Жизнь, разумеется, внесла свои коррективы. Пришлось минимизировать участие в этом процессе всех тех групп, которых эта расторговка не касается или которым она неинтересна. Именно поэтому важной составляющей успеха этой модели является сушка явки — то есть чтобы на участки пришли только те, с кем власть поговорила и кому сделала или хотя бы пообещала что-то хорошее. Разумеется, оппозиции в этом сценарии вообще было особо нечего ловить — ее активность всегда убивалась железобетонным аргументом: «вы только критикуете — а мы, вот, делаем».

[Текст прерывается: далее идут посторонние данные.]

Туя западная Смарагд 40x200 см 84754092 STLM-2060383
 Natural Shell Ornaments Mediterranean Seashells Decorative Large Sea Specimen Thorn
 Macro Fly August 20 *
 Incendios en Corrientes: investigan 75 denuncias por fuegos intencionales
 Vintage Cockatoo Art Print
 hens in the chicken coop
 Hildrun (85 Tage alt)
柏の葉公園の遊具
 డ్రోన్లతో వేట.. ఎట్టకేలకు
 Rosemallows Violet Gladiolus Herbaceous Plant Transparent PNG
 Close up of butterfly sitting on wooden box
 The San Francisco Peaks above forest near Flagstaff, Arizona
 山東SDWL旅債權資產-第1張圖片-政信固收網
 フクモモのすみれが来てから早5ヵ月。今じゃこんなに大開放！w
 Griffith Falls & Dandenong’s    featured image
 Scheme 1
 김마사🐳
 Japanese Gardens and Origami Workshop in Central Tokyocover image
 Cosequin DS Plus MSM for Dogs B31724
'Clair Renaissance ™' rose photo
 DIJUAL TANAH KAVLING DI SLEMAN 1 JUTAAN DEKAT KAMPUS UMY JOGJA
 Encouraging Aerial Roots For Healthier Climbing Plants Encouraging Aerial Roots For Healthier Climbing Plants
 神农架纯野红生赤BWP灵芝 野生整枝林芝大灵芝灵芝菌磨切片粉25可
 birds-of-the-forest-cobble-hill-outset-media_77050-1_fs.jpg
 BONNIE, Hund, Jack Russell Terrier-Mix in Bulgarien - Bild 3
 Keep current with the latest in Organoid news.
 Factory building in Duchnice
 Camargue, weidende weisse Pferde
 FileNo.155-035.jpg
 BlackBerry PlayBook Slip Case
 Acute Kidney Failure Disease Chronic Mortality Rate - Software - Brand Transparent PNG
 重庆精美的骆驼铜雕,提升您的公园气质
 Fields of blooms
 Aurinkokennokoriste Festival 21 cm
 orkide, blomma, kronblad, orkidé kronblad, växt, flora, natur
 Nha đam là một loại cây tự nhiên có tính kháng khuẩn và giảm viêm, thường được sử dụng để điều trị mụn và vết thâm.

Какова роль технолога в таких кампаниях? Она, по сути, сводится к электоральному маркетингу: как можно кучерявее рассказать про новопостроенную больницу или парк с велодорожками. Это называется «создавать позитивную повестку». Работа неблагодарная, поскольку, как известно, good news is no news.
Основная слабость этого подхода — триумфально победившего тогда, когда «сверху» его накрыло ещё и всеобщим патриотическим ажиотажем крымских событий — заключалась в том, что он был опять-таки ресурсоемким. Причём уже не в плоскости предвыборной кассы, а в плоскости непосредственно бюджетных расходов. Стало напряжно на каждой кампании резать ленточки у новых объектов — их ведь надо ещё и строить. Тем более — санкции, нулевой рост экономики, растущая потребность концентрации ресурсов и «затягивания поясов», которое в обществе сильного социального неравенства всегда страшнейшая угроза стабильности власти.
Сегодняшняя стадия, с 2016 по наст.вр. — это стадия тотальной оптимизации, ultima ratio эффективного менеджмента. На пропаганду нет свежих идей, на ресурсную расторговку нет ресурсов. Что остаётся? То, что мы видим в сегодняшнем Питере: есть два кандидата — Беглов и лопата, и всеобщая нервозность, что лопата, пожалуй, имеет шансы как минимум выйти во второй тур. И это ещё роскошь, привилегия для относительно вольного Питера. В Москве так есть просто Касамара и Касамара, она же и либерал, она же и единоросс, она же и за интересы простых аполитичных москвичей. Идеальный сбалансированный кандидат.
«Умное голосование» в этом раскладе это понятно что: «голосуем за лопату, все голосуем за лопату, так мы можем максимально навредить режиму».
Каково уже в этом раскладе место политтехнолога? Только одно: стобаксов за проплаченные посты в ФБ и телеграмме про то, почему борцы с режимом опять редиски. Один шаг до стадии «сосать за еду», if any.
При этом административный организм пришёл к логичному умозаключению, что вообще-то выборы как таковые — это какая-то глупая и бестолковая технология отбора людей во власть. Бессмысленное ритуальное паясничанье в условиях, когда всем и так все должно быть ясно. Нужны более современные, продвинутые и желательно digital технологии отбора, обучения и карьерного роста эффективных управленцев. Они уже создаются, подождите немного.
И я, о ужас, постепенно начинаю думать, что в чем-то этот самый организм даже прав.